╔══

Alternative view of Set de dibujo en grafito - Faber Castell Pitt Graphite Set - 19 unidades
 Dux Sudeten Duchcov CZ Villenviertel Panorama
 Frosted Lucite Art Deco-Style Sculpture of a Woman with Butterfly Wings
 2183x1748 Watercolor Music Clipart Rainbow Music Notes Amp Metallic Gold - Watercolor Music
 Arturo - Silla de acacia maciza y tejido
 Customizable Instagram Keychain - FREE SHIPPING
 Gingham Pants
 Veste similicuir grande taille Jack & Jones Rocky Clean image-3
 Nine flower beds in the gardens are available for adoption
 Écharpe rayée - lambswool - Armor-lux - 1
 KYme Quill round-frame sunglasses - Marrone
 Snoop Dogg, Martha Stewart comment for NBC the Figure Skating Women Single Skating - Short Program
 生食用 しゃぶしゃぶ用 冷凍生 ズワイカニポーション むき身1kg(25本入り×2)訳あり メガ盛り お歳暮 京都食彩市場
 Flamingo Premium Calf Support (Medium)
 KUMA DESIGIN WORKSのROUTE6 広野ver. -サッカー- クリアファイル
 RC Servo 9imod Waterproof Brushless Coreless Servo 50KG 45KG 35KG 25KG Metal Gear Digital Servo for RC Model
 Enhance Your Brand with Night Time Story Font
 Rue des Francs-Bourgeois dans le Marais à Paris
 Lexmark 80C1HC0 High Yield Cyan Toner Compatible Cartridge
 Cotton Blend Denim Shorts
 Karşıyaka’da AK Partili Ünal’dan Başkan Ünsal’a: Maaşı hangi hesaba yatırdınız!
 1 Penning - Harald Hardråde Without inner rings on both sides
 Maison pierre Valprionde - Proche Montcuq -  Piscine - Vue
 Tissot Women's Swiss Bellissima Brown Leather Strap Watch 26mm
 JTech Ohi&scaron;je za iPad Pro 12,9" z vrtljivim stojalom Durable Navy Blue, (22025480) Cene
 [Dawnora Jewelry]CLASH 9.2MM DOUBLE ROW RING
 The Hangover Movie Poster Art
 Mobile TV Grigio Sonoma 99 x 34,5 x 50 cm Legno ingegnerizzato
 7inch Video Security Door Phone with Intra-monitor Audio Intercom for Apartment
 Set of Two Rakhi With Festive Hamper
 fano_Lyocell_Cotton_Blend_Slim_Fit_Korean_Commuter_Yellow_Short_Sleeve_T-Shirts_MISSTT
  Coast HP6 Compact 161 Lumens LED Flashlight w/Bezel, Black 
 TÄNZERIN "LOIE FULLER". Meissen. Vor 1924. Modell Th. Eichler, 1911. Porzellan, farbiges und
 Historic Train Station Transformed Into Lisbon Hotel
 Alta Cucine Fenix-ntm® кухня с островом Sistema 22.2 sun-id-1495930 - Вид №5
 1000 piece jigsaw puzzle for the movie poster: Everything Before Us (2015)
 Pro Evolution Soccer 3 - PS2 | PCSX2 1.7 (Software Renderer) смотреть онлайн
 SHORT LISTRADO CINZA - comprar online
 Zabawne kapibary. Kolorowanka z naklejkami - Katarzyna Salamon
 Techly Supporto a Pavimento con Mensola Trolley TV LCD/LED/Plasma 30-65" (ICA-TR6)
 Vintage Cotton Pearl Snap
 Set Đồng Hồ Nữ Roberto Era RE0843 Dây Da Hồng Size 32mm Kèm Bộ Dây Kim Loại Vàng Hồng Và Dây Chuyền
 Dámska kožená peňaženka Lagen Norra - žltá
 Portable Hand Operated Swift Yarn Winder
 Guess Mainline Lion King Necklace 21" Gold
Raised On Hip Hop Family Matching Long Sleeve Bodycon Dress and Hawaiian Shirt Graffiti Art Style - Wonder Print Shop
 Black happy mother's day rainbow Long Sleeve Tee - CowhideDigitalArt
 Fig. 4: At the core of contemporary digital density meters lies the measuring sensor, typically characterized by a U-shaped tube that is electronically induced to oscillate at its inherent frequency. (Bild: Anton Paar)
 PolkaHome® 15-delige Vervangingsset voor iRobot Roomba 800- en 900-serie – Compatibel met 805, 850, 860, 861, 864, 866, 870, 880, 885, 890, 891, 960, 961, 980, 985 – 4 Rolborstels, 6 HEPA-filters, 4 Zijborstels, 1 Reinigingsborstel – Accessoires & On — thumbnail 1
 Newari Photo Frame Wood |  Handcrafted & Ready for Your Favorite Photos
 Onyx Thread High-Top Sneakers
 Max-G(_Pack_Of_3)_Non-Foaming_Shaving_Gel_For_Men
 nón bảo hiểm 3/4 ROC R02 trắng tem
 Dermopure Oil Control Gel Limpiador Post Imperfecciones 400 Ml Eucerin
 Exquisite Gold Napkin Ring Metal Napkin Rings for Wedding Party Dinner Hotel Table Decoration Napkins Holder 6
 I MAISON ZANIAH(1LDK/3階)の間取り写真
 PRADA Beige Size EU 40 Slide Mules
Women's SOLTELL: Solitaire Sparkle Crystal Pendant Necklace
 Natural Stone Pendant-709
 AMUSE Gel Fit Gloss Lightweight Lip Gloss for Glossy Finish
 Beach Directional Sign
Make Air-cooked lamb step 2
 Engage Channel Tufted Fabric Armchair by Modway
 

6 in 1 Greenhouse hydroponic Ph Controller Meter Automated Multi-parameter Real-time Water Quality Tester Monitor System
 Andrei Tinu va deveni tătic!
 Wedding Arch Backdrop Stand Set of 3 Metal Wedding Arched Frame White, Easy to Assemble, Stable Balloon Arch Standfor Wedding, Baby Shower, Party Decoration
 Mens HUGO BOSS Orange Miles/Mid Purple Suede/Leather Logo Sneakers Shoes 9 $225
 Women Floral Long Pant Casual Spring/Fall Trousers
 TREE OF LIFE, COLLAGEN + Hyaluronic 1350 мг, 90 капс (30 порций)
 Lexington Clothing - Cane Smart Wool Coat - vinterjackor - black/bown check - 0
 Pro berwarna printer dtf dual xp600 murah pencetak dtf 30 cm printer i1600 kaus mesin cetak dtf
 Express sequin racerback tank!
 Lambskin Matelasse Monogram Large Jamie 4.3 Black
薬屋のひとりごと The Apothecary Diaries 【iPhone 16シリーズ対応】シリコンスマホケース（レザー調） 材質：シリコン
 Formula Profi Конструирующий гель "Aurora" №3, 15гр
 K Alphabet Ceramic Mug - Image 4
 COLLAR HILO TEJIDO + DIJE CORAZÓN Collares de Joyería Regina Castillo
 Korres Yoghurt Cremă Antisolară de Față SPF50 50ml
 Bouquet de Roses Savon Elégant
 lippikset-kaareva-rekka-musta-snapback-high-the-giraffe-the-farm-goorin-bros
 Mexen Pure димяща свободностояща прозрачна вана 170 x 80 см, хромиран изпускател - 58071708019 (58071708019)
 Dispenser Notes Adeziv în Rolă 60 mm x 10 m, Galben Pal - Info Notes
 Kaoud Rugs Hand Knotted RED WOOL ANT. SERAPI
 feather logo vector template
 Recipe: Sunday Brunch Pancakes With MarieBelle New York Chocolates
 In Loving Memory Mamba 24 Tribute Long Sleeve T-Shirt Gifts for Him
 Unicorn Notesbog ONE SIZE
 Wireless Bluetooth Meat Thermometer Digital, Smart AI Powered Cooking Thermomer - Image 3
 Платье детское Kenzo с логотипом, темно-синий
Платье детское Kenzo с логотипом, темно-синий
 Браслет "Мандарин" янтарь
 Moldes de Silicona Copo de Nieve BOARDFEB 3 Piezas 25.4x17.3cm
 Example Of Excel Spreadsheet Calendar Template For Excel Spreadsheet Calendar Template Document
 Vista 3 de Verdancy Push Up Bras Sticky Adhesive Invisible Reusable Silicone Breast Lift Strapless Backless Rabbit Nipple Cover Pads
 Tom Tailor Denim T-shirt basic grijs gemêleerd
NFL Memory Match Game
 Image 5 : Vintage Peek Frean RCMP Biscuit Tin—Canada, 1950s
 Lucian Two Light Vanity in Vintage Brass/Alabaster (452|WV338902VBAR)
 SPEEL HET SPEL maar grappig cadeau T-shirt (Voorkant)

╚══

→ **Task details**
The expected output is a verbatim retyping of each line from the one with "Kaoud Rugs Hand Knotted RED WOOL ANT. SERAPI" to the end of the listing above, with both end lines kept and nothing added.

→ **Solution to the problem**
 Kaoud Rugs Hand Knotted RED WOOL ANT. SERAPI
 feather logo vector template
 Recipe: Sunday Brunch Pancakes With MarieBelle New York Chocolates
 In Loving Memory Mamba 24 Tribute Long Sleeve T-Shirt Gifts for Him
 Unicorn Notesbog ONE SIZE
 Wireless Bluetooth Meat Thermometer Digital, Smart AI Powered Cooking Thermomer - Image 3
 Платье детское Kenzo с логотипом, темно-синий
Платье детское Kenzo с логотипом, темно-синий
 Браслет "Мандарин" янтарь
 Moldes de Silicona Copo de Nieve BOARDFEB 3 Piezas 25.4x17.3cm
 Example Of Excel Spreadsheet Calendar Template For Excel Spreadsheet Calendar Template Document
 Vista 3 de Verdancy Push Up Bras Sticky Adhesive Invisible Reusable Silicone Breast Lift Strapless Backless Rabbit Nipple Cover Pads
 Tom Tailor Denim T-shirt basic grijs gemêleerd
NFL Memory Match Game
 Image 5 : Vintage Peek Frean RCMP Biscuit Tin—Canada, 1950s
 Lucian Two Light Vanity in Vintage Brass/Alabaster (452|WV338902VBAR)
 SPEEL HET SPEL maar grappig cadeau T-shirt (Voorkant)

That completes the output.